— Material provided —
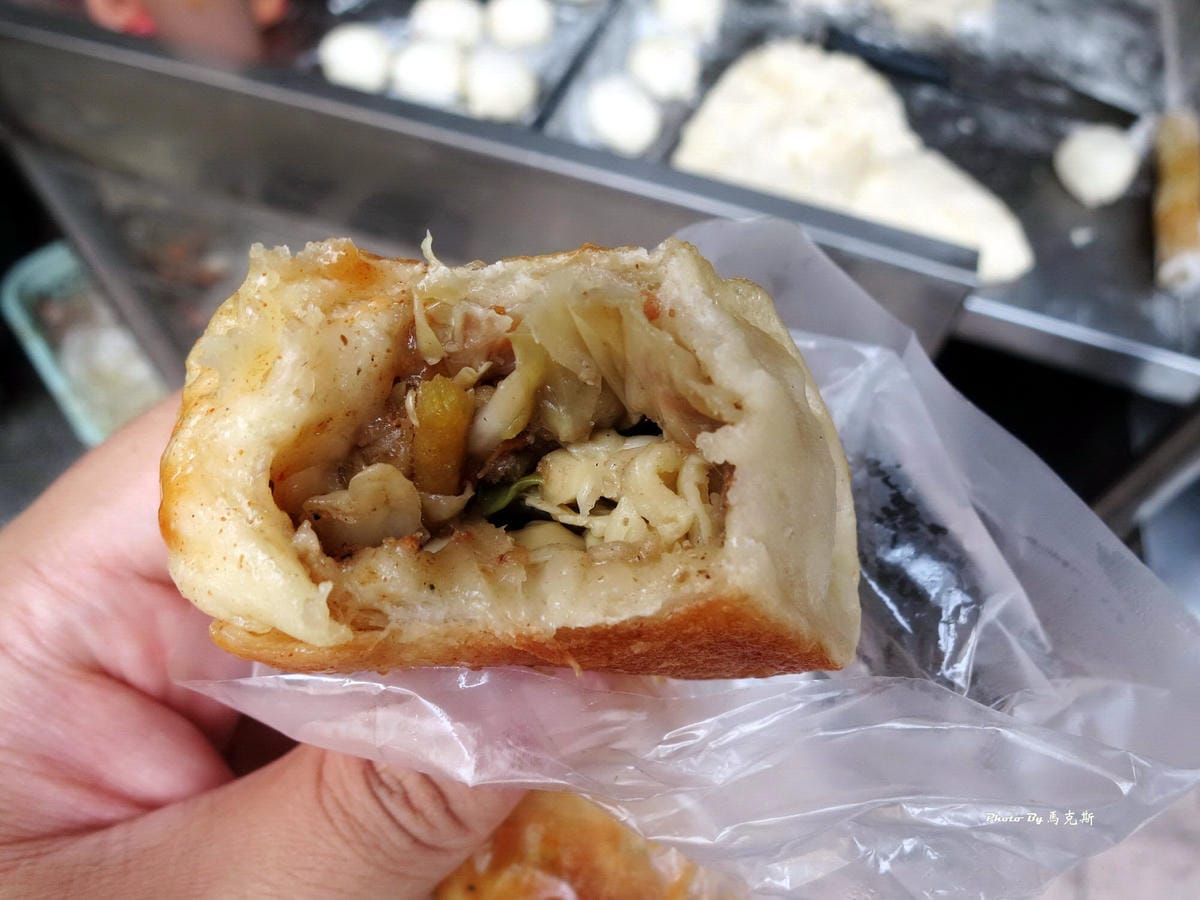 IMG_5626_調整大小 (2) IMG_5626_調整大小 (2)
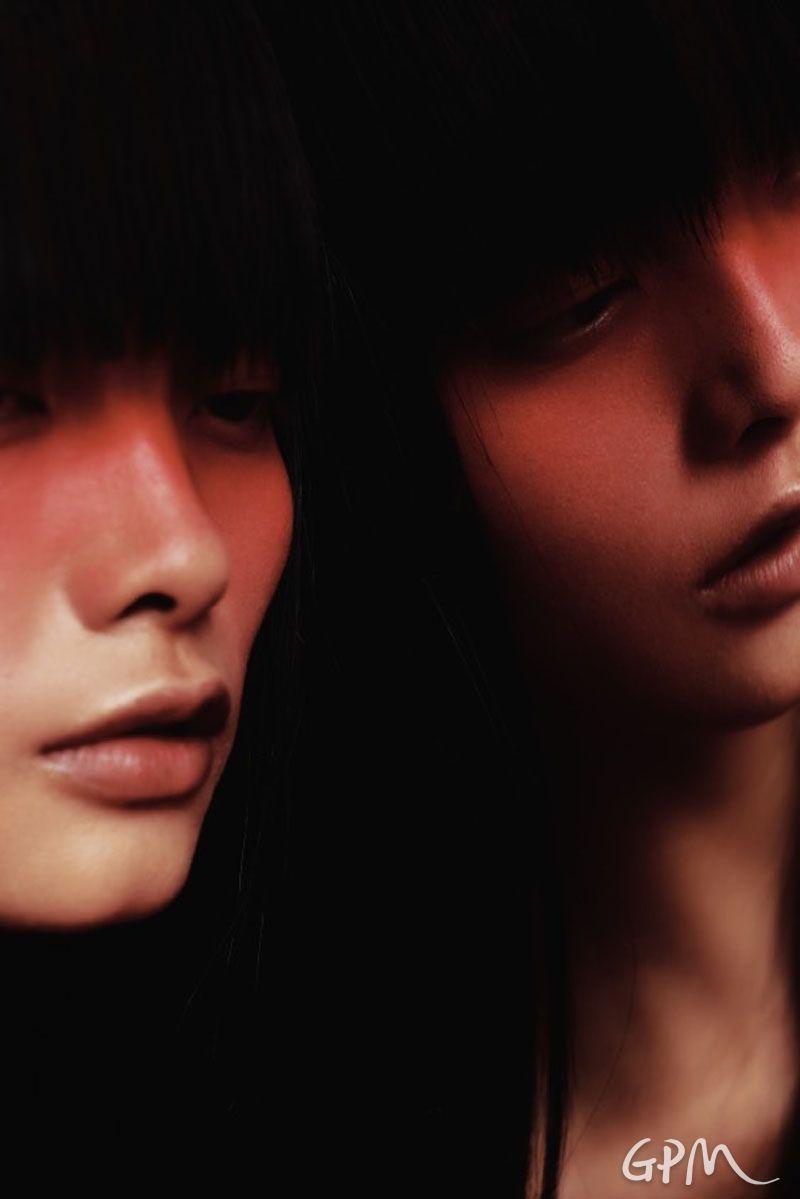第14页-51.jpg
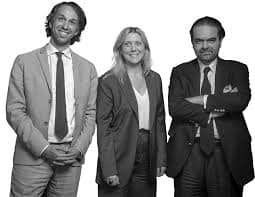 FINACTU,  conseil exclusif du Groupe AFG pour l’acquisition d&rsquo;Access Microfinance Holding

— Task to carry out —
The whole listing above must be set down again exactly, but without its images.

— Answer for the task —
 IMG_5626_調整大小 (2) IMG_5626_調整大小 (2)
第14页-51.jpg
 FINACTU,  conseil exclusif du Groupe AFG pour l’acquisition d&rsquo;Access Microfinance Holding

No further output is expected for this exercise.